Crawled caption data:
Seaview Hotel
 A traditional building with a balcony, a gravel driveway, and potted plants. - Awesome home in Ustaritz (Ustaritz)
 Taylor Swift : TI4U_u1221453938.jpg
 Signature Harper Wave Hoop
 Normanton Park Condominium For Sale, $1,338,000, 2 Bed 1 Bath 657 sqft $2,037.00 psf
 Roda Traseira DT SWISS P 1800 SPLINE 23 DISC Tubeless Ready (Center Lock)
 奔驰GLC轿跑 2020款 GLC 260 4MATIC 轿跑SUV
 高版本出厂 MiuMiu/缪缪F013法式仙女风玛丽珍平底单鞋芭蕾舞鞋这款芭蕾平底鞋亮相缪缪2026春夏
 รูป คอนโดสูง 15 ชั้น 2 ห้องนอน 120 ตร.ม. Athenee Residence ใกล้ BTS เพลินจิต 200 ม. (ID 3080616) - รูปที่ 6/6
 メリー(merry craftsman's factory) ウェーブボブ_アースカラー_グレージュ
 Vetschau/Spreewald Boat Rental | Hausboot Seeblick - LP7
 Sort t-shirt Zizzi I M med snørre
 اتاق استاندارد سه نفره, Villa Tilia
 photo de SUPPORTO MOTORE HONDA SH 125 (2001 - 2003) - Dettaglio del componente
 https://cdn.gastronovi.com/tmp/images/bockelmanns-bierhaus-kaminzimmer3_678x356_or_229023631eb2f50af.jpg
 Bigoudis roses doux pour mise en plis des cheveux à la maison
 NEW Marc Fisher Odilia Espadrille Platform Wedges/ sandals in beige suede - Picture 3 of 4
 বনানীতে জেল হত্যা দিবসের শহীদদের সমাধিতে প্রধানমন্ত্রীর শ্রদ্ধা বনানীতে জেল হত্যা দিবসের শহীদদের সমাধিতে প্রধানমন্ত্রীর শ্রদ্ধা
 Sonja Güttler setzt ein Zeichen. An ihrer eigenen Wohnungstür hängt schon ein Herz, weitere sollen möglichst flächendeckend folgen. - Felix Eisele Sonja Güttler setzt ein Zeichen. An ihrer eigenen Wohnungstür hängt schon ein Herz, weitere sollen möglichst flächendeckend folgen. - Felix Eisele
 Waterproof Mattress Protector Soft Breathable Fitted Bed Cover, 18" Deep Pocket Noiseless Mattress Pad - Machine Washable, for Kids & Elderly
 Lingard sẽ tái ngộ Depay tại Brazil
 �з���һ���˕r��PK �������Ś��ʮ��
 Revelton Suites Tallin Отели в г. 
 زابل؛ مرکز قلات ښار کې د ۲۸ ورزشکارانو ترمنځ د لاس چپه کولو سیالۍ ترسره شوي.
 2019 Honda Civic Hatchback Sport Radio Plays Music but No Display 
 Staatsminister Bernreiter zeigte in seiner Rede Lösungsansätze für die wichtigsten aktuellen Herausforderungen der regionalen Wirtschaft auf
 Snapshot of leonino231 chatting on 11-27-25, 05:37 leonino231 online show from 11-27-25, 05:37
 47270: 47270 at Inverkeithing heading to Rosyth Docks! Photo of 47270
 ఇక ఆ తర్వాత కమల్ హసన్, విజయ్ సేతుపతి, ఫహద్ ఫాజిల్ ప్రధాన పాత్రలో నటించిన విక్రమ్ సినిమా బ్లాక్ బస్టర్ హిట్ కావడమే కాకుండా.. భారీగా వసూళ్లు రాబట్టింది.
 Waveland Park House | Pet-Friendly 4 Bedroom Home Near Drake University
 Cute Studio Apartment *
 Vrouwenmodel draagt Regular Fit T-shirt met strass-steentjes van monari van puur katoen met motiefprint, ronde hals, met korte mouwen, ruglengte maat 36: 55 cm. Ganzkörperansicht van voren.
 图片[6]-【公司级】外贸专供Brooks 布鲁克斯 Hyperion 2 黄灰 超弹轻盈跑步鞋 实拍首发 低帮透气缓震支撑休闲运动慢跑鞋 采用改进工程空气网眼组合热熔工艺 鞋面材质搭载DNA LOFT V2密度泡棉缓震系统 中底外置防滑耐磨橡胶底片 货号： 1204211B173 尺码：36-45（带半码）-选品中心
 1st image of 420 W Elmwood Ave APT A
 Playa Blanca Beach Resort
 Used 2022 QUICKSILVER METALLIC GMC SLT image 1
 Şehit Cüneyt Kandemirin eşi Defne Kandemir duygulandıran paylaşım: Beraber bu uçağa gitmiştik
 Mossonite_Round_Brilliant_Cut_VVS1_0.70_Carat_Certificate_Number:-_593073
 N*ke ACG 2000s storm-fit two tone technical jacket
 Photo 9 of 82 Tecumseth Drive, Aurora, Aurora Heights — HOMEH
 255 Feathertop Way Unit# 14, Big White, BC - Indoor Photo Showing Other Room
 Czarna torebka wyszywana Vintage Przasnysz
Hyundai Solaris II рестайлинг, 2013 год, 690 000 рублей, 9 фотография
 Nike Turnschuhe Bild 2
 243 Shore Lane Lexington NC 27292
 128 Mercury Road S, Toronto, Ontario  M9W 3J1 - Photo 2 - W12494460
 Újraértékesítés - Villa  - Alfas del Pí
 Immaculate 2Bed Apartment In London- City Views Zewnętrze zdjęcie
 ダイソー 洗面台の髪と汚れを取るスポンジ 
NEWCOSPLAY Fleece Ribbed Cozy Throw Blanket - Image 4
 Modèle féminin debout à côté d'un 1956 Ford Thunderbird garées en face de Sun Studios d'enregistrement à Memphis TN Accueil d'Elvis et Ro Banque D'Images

Problem to solve »
Please write out each entry shown above exactly as given.

Response »
Seaview Hotel
 A traditional building with a balcony, a gravel driveway, and potted plants. - Awesome home in Ustaritz (Ustaritz)
 Taylor Swift : TI4U_u1221453938.jpg
 Signature Harper Wave Hoop
 Normanton Park Condominium For Sale, $1,338,000, 2 Bed 1 Bath 657 sqft $2,037.00 psf
 Roda Traseira DT SWISS P 1800 SPLINE 23 DISC Tubeless Ready (Center Lock)
 奔驰GLC轿跑 2020款 GLC 260 4MATIC 轿跑SUV
 高版本出厂 MiuMiu/缪缪F013法式仙女风玛丽珍平底单鞋芭蕾舞鞋这款芭蕾平底鞋亮相缪缪2026春夏
 รูป คอนโดสูง 15 ชั้น 2 ห้องนอน 120 ตร.ม. Athenee Residence ใกล้ BTS เพลินจิต 200 ม. (ID 3080616) - รูปที่ 6/6
 メリー(merry craftsman's factory) ウェーブボブ_アースカラー_グレージュ
 Vetschau/Spreewald Boat Rental | Hausboot Seeblick - LP7
 Sort t-shirt Zizzi I M med snørre
 اتاق استاندارد سه نفره, Villa Tilia
 photo de SUPPORTO MOTORE HONDA SH 125 (2001 - 2003) - Dettaglio del componente
 https://cdn.gastronovi.com/tmp/images/bockelmanns-bierhaus-kaminzimmer3_678x356_or_229023631eb2f50af.jpg
 Bigoudis roses doux pour mise en plis des cheveux à la maison
 NEW Marc Fisher Odilia Espadrille Platform Wedges/ sandals in beige suede - Picture 3 of 4
 বনানীতে জেল হত্যা দিবসের শহীদদের সমাধিতে প্রধানমন্ত্রীর শ্রদ্ধা বনানীতে জেল হত্যা দিবসের শহীদদের সমাধিতে প্রধানমন্ত্রীর শ্রদ্ধা
 Sonja Güttler setzt ein Zeichen. An ihrer eigenen Wohnungstür hängt schon ein Herz, weitere sollen möglichst flächendeckend folgen. - Felix Eisele Sonja Güttler setzt ein Zeichen. An ihrer eigenen Wohnungstür hängt schon ein Herz, weitere sollen möglichst flächendeckend folgen. - Felix Eisele
 Waterproof Mattress Protector Soft Breathable Fitted Bed Cover, 18" Deep Pocket Noiseless Mattress Pad - Machine Washable, for Kids & Elderly
 Lingard sẽ tái ngộ Depay tại Brazil
 �з���һ���˕r��PK �������Ś��ʮ��
 Revelton Suites Tallin Отели в г. 
 زابل؛ مرکز قلات ښار کې د ۲۸ ورزشکارانو ترمنځ د لاس چپه کولو سیالۍ ترسره شوي.
 2019 Honda Civic Hatchback Sport Radio Plays Music but No Display 
 Staatsminister Bernreiter zeigte in seiner Rede Lösungsansätze für die wichtigsten aktuellen Herausforderungen der regionalen Wirtschaft auf
 Snapshot of leonino231 chatting on 11-27-25, 05:37 leonino231 online show from 11-27-25, 05:37
 47270: 47270 at Inverkeithing heading to Rosyth Docks! Photo of 47270
 ఇక ఆ తర్వాత కమల్ హసన్, విజయ్ సేతుపతి, ఫహద్ ఫాజిల్ ప్రధాన పాత్రలో నటించిన విక్రమ్ సినిమా బ్లాక్ బస్టర్ హిట్ కావడమే కాకుండా.. భారీగా వసూళ్లు రాబట్టింది.
 Waveland Park House | Pet-Friendly 4 Bedroom Home Near Drake University
 Cute Studio Apartment *
 Vrouwenmodel draagt Regular Fit T-shirt met strass-steentjes van monari van puur katoen met motiefprint, ronde hals, met korte mouwen, ruglengte maat 36: 55 cm. Ganzkörperansicht van voren.
 图片[6]-【公司级】外贸专供Brooks 布鲁克斯 Hyperion 2 黄灰 超弹轻盈跑步鞋 实拍首发 低帮透气缓震支撑休闲运动慢跑鞋 采用改进工程空气网眼组合热熔工艺 鞋面材质搭载DNA LOFT V2密度泡棉缓震系统 中底外置防滑耐磨橡胶底片 货号： 1204211B173 尺码：36-45（带半码）-选品中心
 1st image of 420 W Elmwood Ave APT A
 Playa Blanca Beach Resort
 Used 2022 QUICKSILVER METALLIC GMC SLT image 1
 Şehit Cüneyt Kandemirin eşi Defne Kandemir duygulandıran paylaşım: Beraber bu uçağa gitmiştik
 Mossonite_Round_Brilliant_Cut_VVS1_0.70_Carat_Certificate_Number:-_593073
 N*ke ACG 2000s storm-fit two tone technical jacket
 Photo 9 of 82 Tecumseth Drive, Aurora, Aurora Heights — HOMEH
 255 Feathertop Way Unit# 14, Big White, BC - Indoor Photo Showing Other Room
 Czarna torebka wyszywana Vintage Przasnysz
Hyundai Solaris II рестайлинг, 2013 год, 690 000 рублей, 9 фотография
 Nike Turnschuhe Bild 2
 243 Shore Lane Lexington NC 27292
 128 Mercury Road S, Toronto, Ontario  M9W 3J1 - Photo 2 - W12494460
 Újraértékesítés - Villa  - Alfas del Pí
 Immaculate 2Bed Apartment In London- City Views Zewnętrze zdjęcie
 ダイソー 洗面台の髪と汚れを取るスポンジ 
NEWCOSPLAY Fleece Ribbed Cozy Throw Blanket - Image 4
 Modèle féminin debout à côté d'un 1956 Ford Thunderbird garées en face de Sun Studios d'enregistrement à Memphis TN Accueil d'Elvis et Ro Banque D'Images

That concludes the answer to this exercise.